• Data shown:
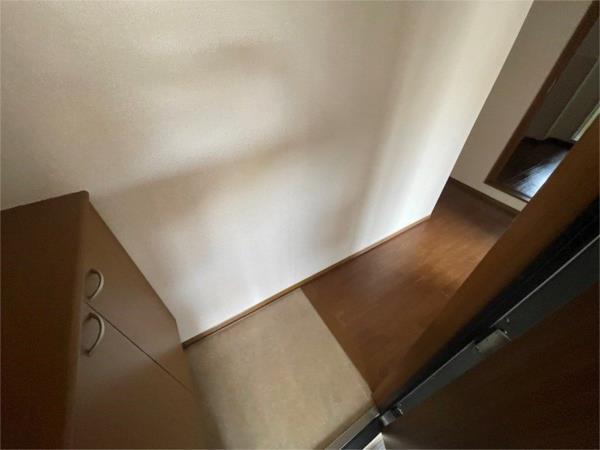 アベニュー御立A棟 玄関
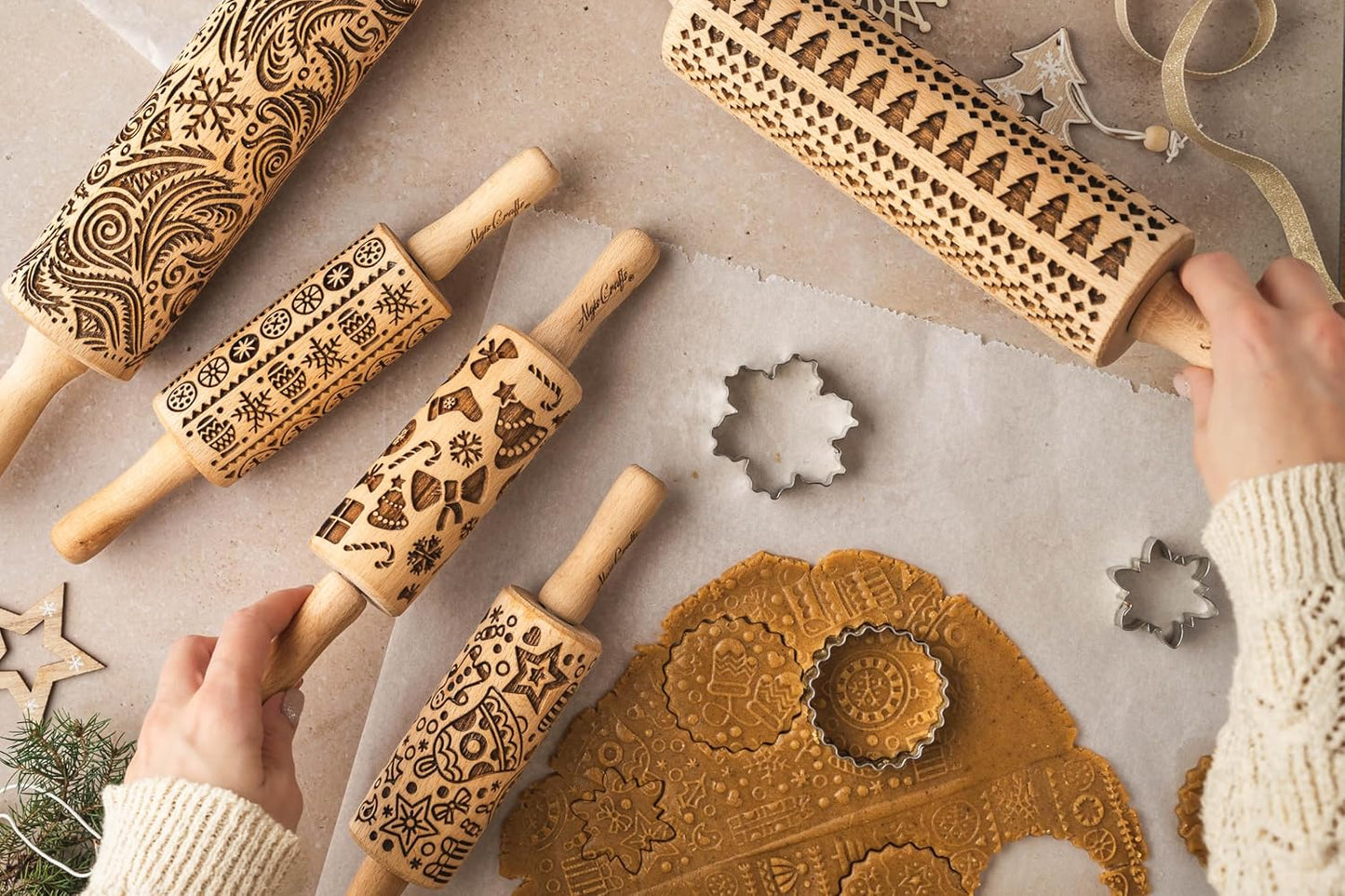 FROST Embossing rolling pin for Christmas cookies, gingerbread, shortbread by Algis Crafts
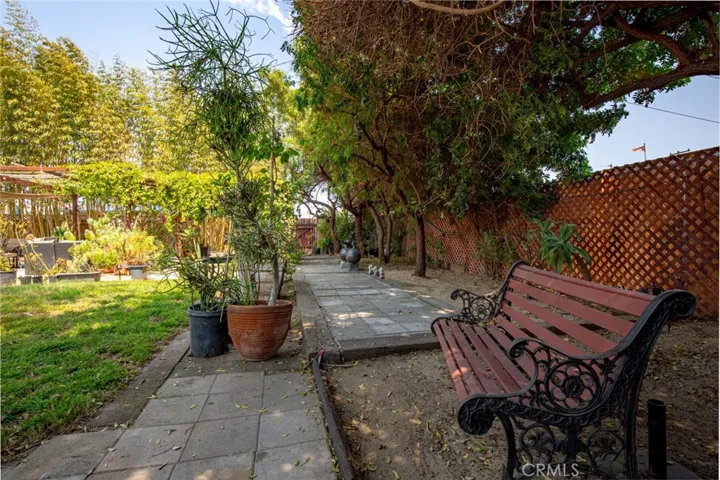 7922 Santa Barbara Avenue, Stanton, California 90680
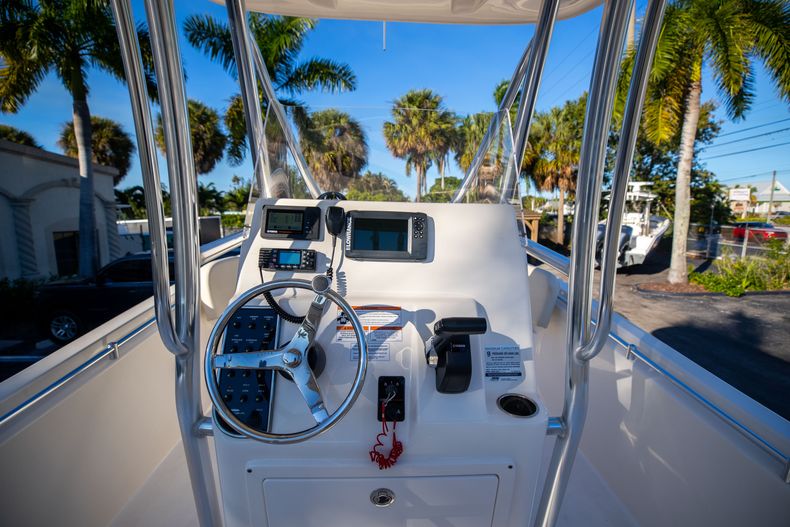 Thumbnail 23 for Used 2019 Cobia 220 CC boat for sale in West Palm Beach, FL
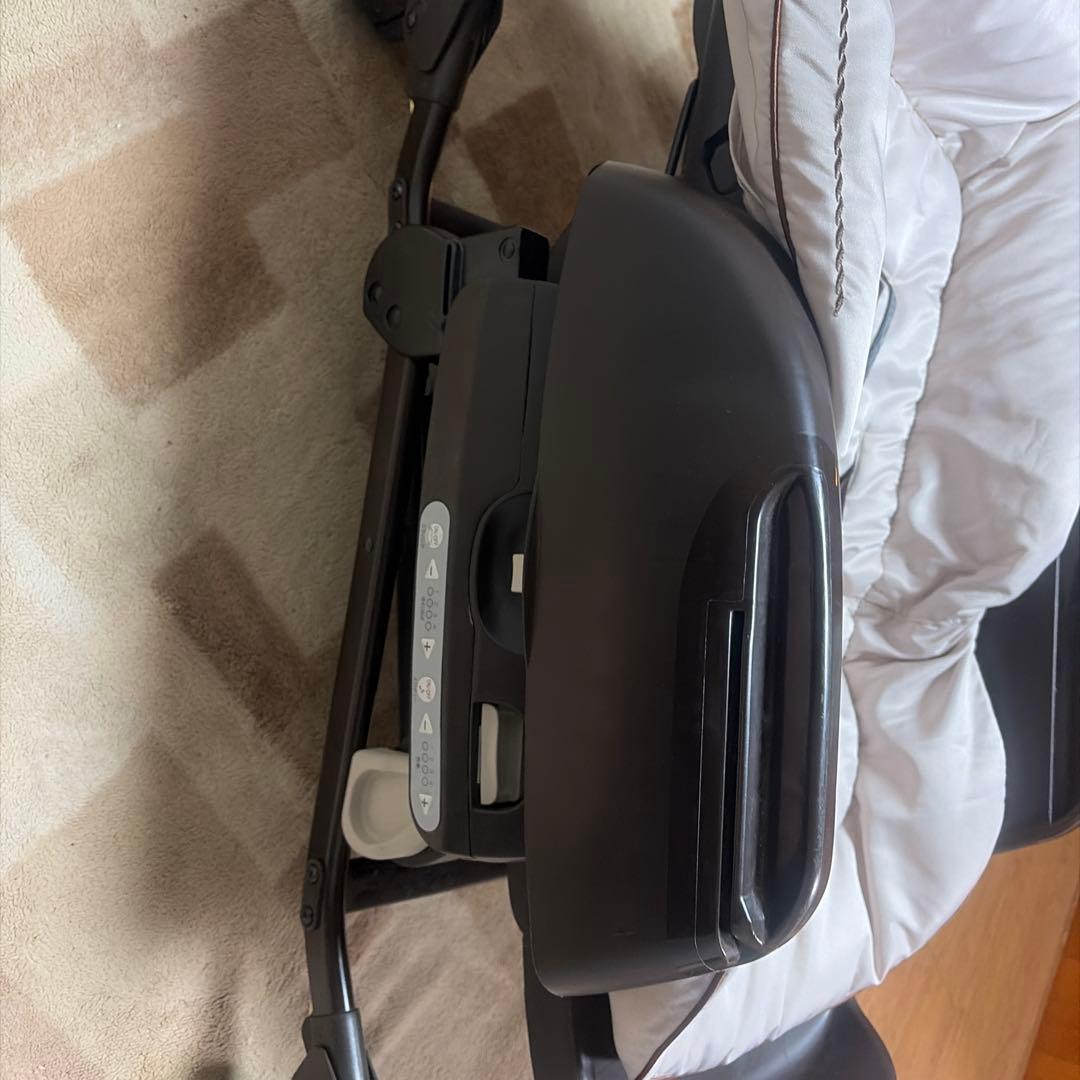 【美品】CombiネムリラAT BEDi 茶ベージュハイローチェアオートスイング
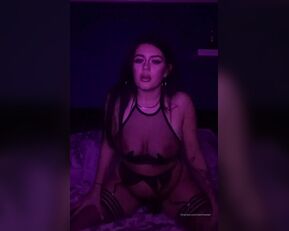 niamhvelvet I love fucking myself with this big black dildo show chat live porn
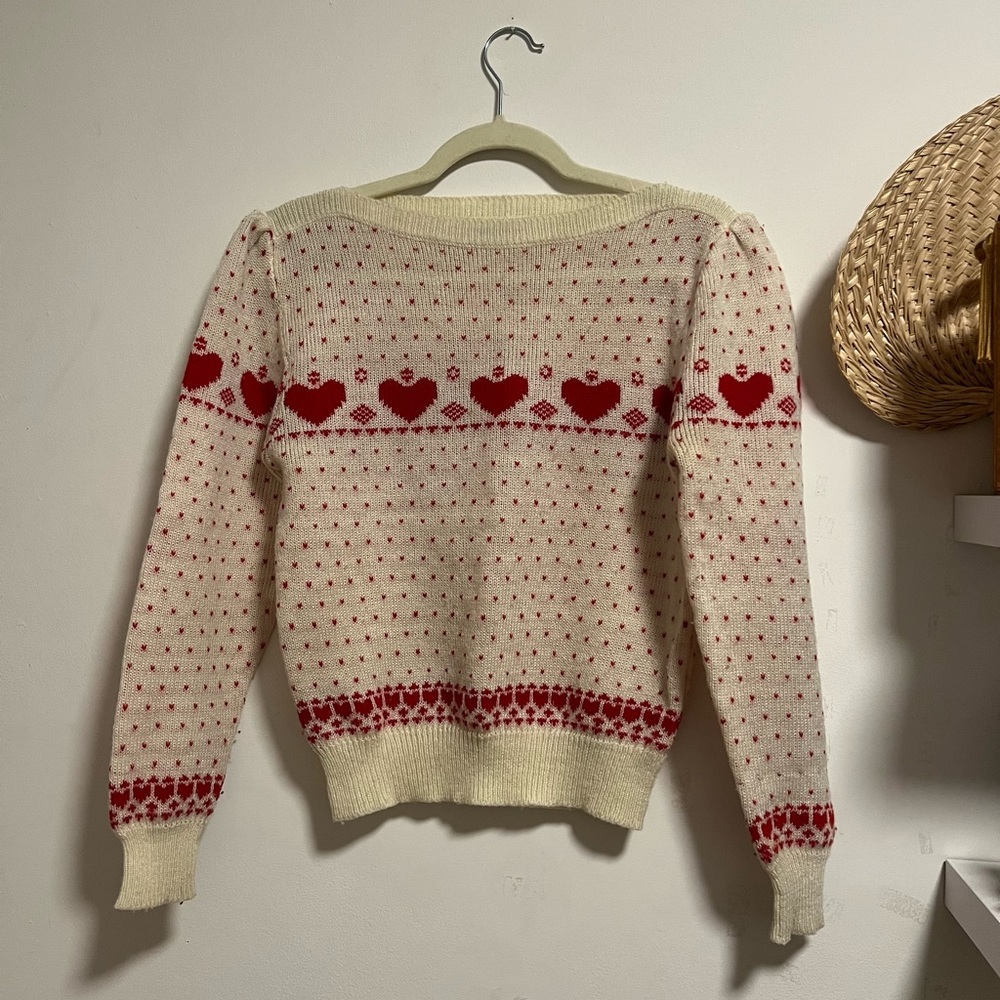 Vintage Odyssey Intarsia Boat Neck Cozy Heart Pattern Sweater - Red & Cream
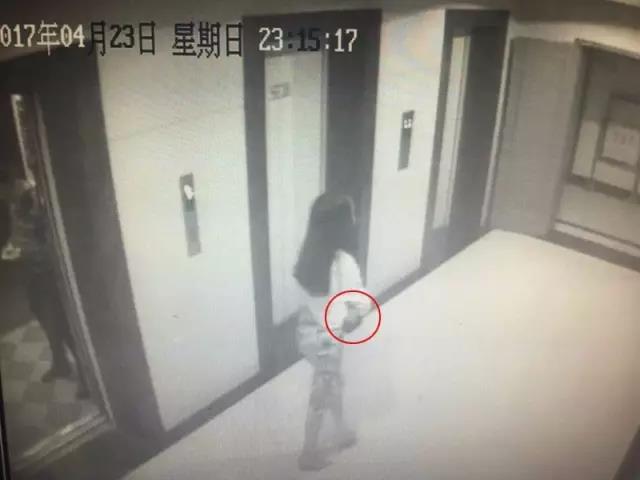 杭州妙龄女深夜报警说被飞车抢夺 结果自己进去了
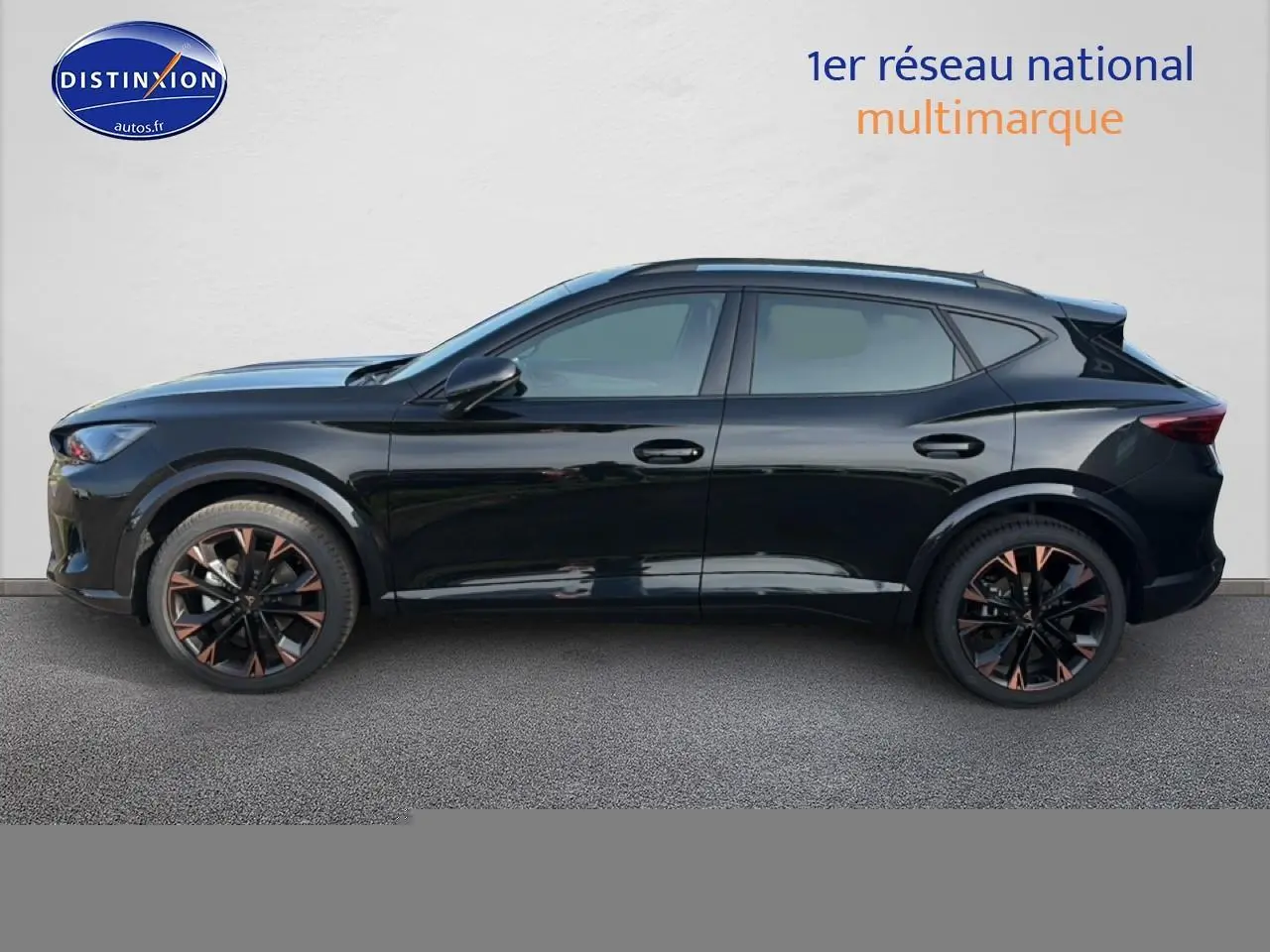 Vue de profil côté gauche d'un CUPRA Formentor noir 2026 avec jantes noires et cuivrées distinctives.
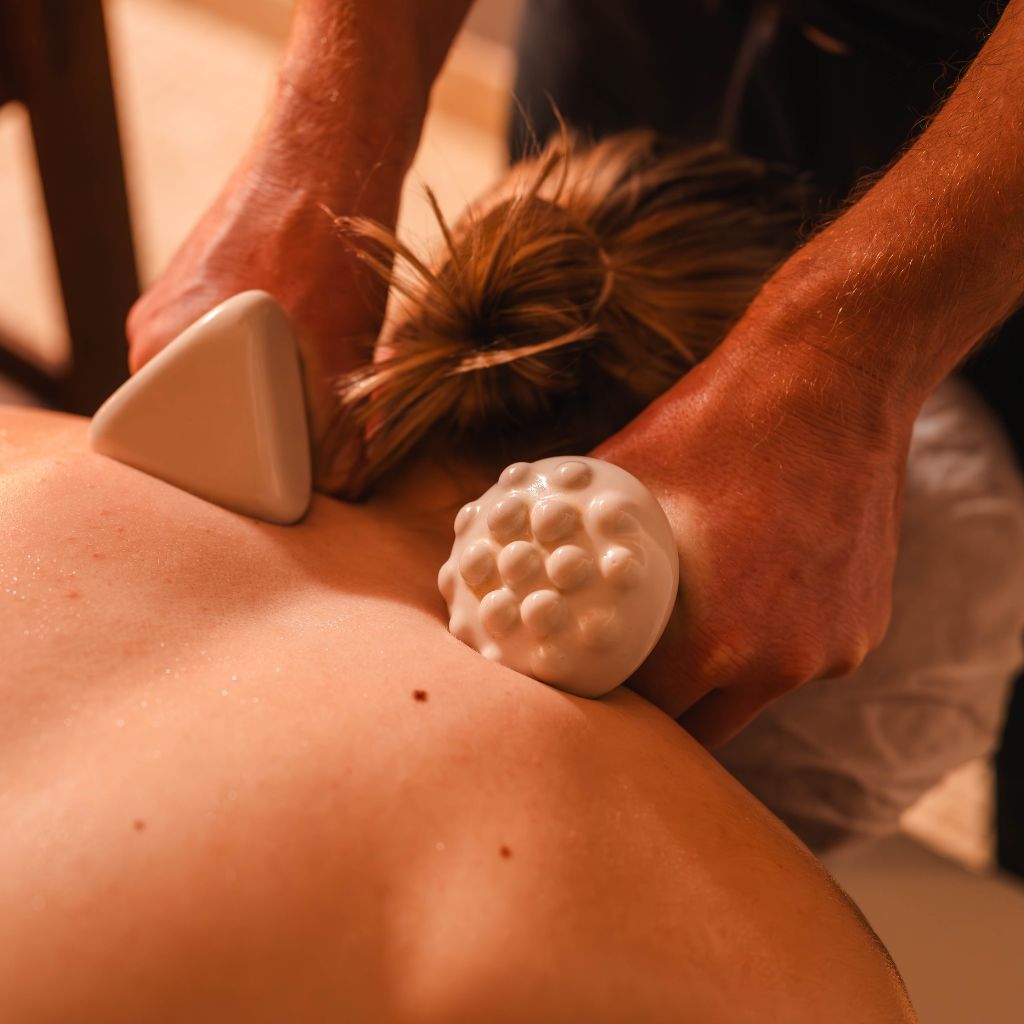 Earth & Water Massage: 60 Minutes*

• What the task requires:
With the pictures removed, set down every line of the listing above exactly.

• Answer section:
 アベニュー御立A棟 玄関
 FROST Embossing rolling pin for Christmas cookies, gingerbread, shortbread by Algis Crafts
 7922 Santa Barbara Avenue, Stanton, California 90680
 Thumbnail 23 for Used 2019 Cobia 220 CC boat for sale in West Palm Beach, FL
 【美品】CombiネムリラAT BEDi 茶ベージュハイローチェアオートスイング
 niamhvelvet I love fucking myself with this big black dildo show chat live porn
 Vintage Odyssey Intarsia Boat Neck Cozy Heart Pattern Sweater - Red & Cream
 杭州妙龄女深夜报警说被飞车抢夺 结果自己进去了
 Vue de profil côté gauche d'un CUPRA Formentor noir 2026 avec jantes noires et cuivrées distinctives.
 Earth & Water Massage: 60 Minutes*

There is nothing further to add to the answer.